R/emuR-convert_TextGridCollection.R

Defines functions convert_TextGridCollection

Documented in convert_TextGridCollection

##' Convert a TextGridCollection (e.g. .wav & .TextGrid files) to emuDB
##' 
##' Converts a TextGridCollection to an emuDB by searching a given directory for .wav & .TextGrid files (default
##' extensions) with the same base name. First, the function generates a file pair list 
##' containing paths to files with the same base
##' name. It then generates an emuDB DBconfig based on the first TextGrid in this list which specifies 
##' the allowed level names and types in the new emuDB. After this it converts all file pairs to the new format,
##' checking whether they comply to the newly generated database configuration. For 
##' more information on the emuDB format see \code{vignette{emuDB}}.
##' Note that since Praat TextGrids do not permit explicit hierarchical structures, the created emuDB does not contain
##' any links or link definitions. You can however use the \code{\link{autobuild_linkFromTimes}} function after the conversion process
##' to automatically build a hierarchal structure.
##' 
##' @param dir path to directory containing the TextGridCollection (nested directory structures are permitted as the 
##' function recursively searches through directories, generating the session names from dir. structure)
##' @param dbName name given to the new emuDB
##' @param targetDir directory where to save the new emuDB
##' @param tgExt extension of TextGrid files (default=TextGrid, meaning file names of the form baseName.TextGrid)
##' @param audioExt extension of audio files (default=wav, meaning file names of the form baseName.wav)
##' @param tierNames character vector containing names of tiers to extract and convert.

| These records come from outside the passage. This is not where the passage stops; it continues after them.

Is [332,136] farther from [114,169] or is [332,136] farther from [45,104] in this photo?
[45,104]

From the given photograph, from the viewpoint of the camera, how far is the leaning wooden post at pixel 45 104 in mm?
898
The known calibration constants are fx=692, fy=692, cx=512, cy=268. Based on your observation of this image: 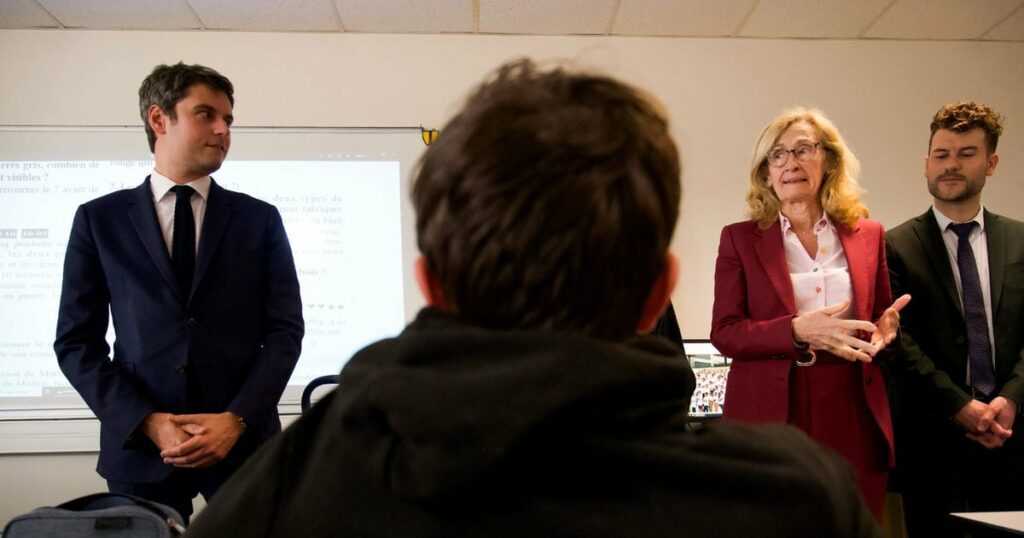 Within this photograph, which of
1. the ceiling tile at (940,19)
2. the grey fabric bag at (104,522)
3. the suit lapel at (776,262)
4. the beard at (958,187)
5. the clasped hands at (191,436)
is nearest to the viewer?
the grey fabric bag at (104,522)

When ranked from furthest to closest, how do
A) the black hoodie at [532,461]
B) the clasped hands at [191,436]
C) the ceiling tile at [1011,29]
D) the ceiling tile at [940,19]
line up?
the ceiling tile at [1011,29] < the ceiling tile at [940,19] < the clasped hands at [191,436] < the black hoodie at [532,461]

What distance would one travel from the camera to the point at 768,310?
1926mm

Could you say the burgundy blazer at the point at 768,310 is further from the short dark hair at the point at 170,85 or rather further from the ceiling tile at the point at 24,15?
the ceiling tile at the point at 24,15

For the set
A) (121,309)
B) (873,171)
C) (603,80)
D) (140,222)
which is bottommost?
(121,309)

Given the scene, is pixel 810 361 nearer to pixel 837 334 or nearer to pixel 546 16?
pixel 837 334

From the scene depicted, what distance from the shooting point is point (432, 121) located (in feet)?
12.4

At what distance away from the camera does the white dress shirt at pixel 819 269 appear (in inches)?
75.4

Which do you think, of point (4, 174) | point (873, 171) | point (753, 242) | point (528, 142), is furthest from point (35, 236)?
point (873, 171)

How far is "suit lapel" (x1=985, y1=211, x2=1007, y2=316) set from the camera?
2.33 m

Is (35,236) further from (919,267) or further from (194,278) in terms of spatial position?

If NULL (the default) all
##' tiers are converted.
##' @param verbose display infos & show progress bar
##' @export
##' @import tools
##' @importFrom rlang .data
##' @return NULL
##' @examples 
##' \dontrun{
##' 
##' ##########################################################
##' # prerequisite: directory containing .wav & .TextGrid files
##' # (see \code{?create_emuRdemoData} how to create demo data)
##' 
##' # convert TextGridCollection and store 
##' # new emuDB in folder provided by tempdir()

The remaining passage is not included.